TRY IT: Copying rule for the data below: pictures stay out, and only the lines from the one with "Phishing resistance score" down to the one with "UK bank branch", inclusive, are repeated exactly.

DATASET CONTENT:
##############################

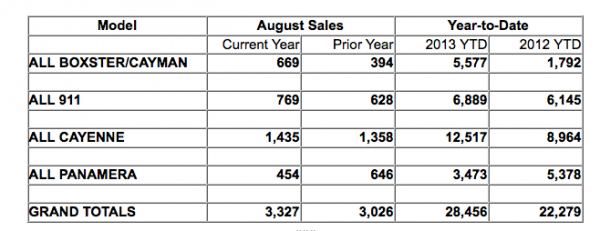 Porsche's North America Sales August 2013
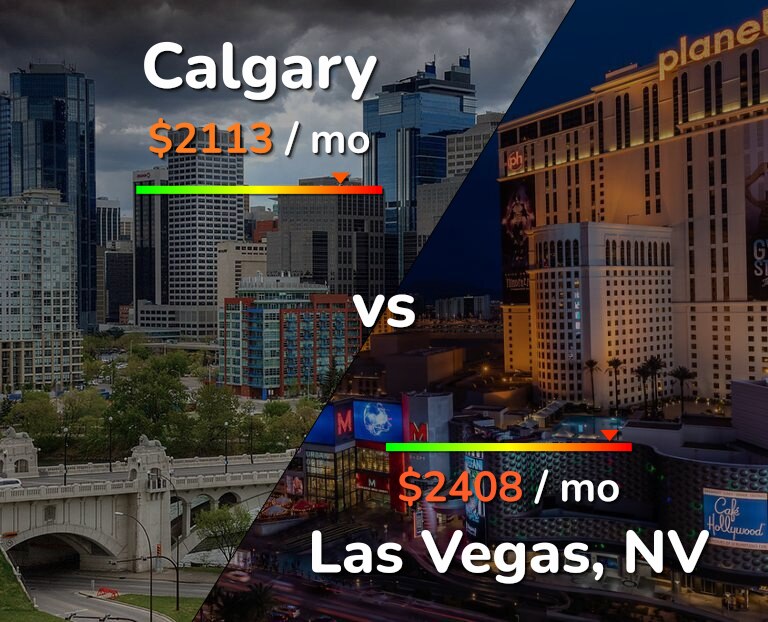 Cost of living in Calgary vs Las Vegas infographic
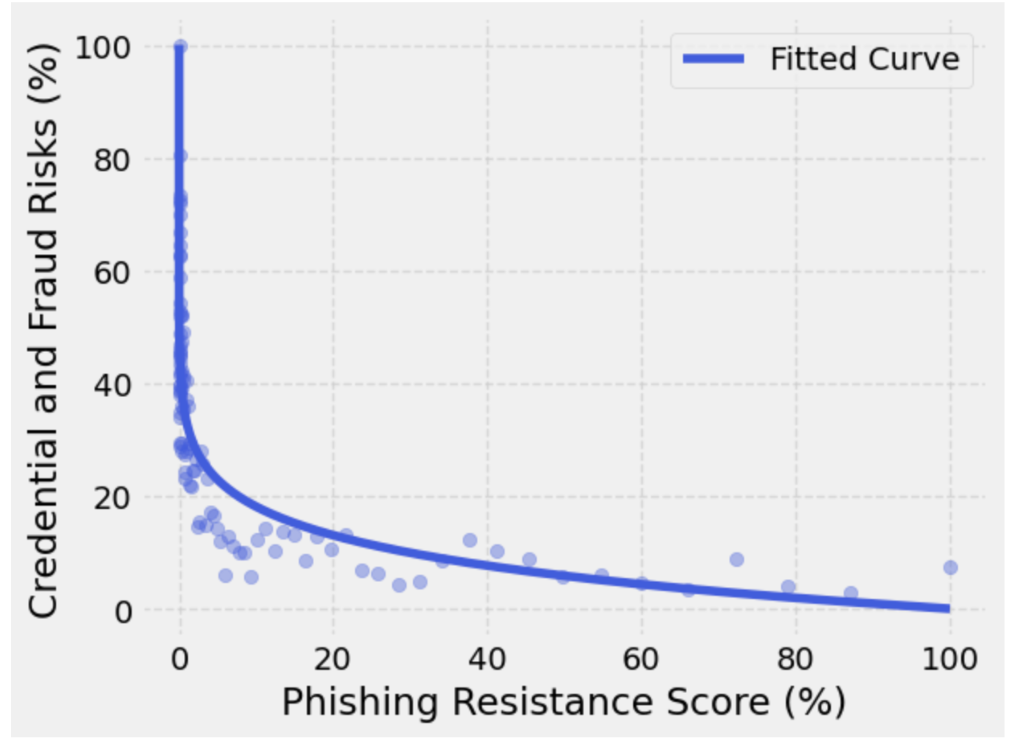 Phishing resistance score
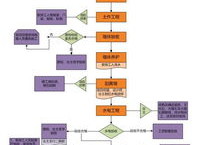 装修步骤和流程,从设计到入住的详细步骤与流程解析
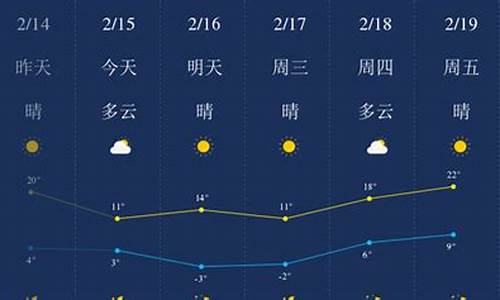 郑州天气气象预报_郑州天气状况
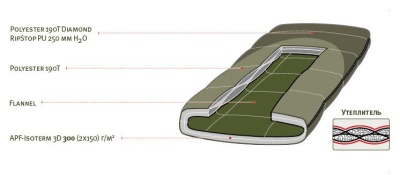 Спальный мешок Alexika SIBERIA WIDE серый 9253.01079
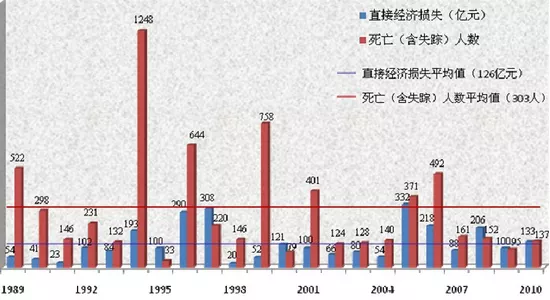 1、年的人婚配選日子:89年屬蛇的女孩和什麼屬相的男孩婚配好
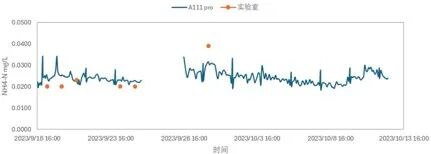TCU/A111 Pro在线氨氮分析仪在自来水厂的应用
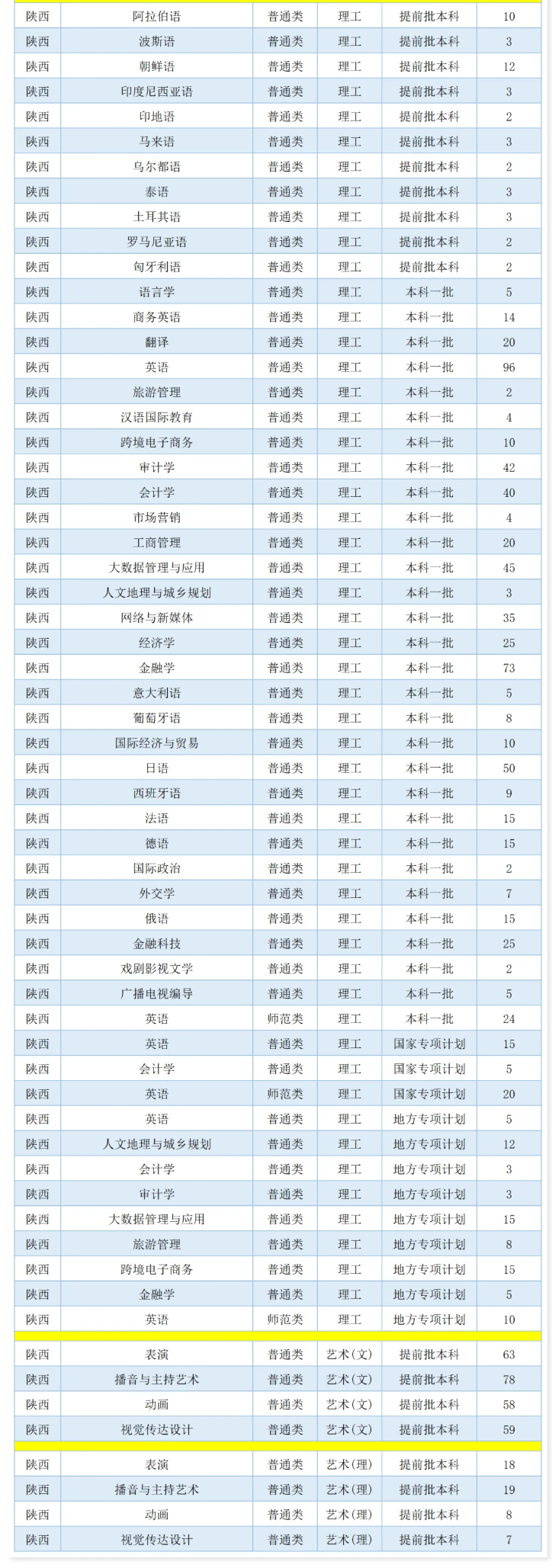 2025年西安外国语大学各省预估分数线,预计最低多少分能上?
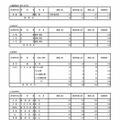 令和7年度東京都立高等学校入学者選抜受検状況　専門学科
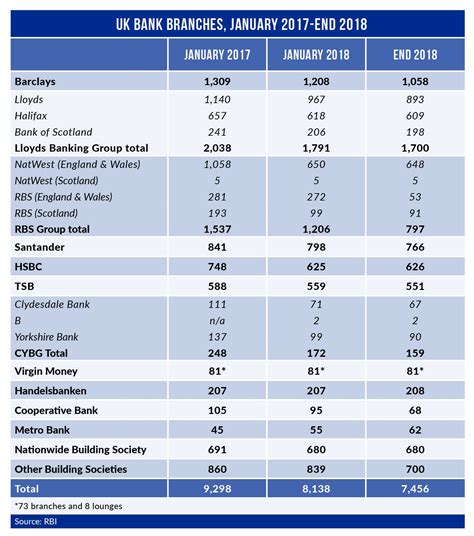 UK bank branch closures 2016-2018 - 1 in 5 branches axed in 2 years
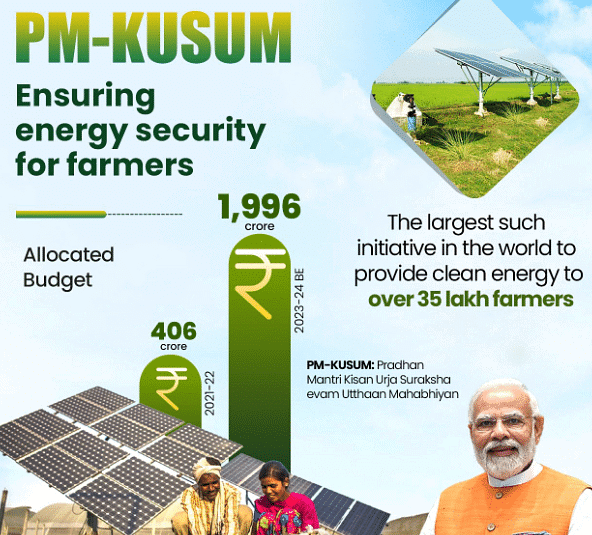 PIB Summary- 7th August, 2024 | Current Affairs & Hindu Analysis: Daily, Weekly & Monthly - UPSC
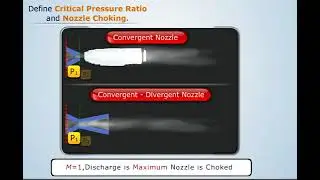 Steam Nozzles - Critical Pressure Ratio and Nozzle Choking || Applied Thermodynamics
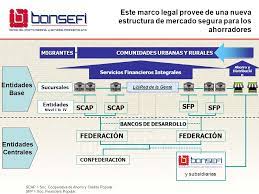 Uno de los ejes de la política de financiamiento para el desarrollo consiste en completar y proveer profundidad al sistema financiero mexicano de manera que se puedan ofrecer productos y servicios financieros a la mayoría de la población, particularmente a los de menor ingreso, en condiciones. Banco Del Ahorro Nacional Y Servicios Financieros Bansefi Ppt Descargar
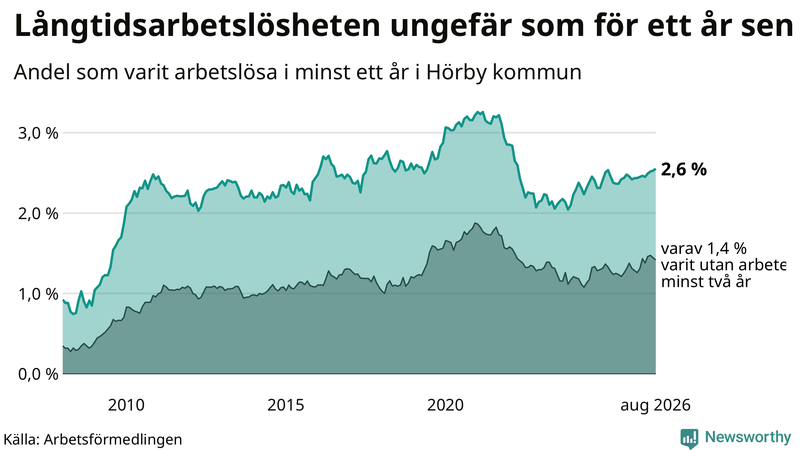 Graf: Andel arbetslösa i Hörby som varit utan arbete i minst 12 månader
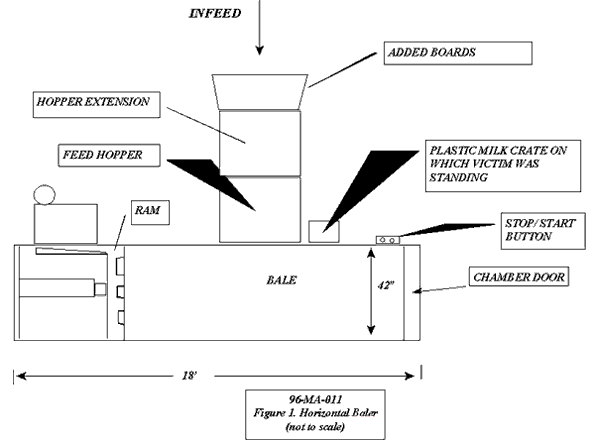 schematic drawing of the horizontal baler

##############################

PROBLEM SOLUTION:
 Phishing resistance score
 装修步骤和流程,从设计到入住的详细步骤与流程解析
 郑州天气气象预报_郑州天气状况
 Спальный мешок Alexika SIBERIA WIDE серый 9253.01079
 1、年的人婚配選日子:89年屬蛇的女孩和什麼屬相的男孩婚配好
TCU/A111 Pro在线氨氮分析仪在自来水厂的应用
 2025年西安外国语大学各省预估分数线,预计最低多少分能上?
 令和7年度東京都立高等学校入学者選抜受検状況　専門学科
 UK bank branch closures 2016-2018 - 1 in 5 branches axed in 2 years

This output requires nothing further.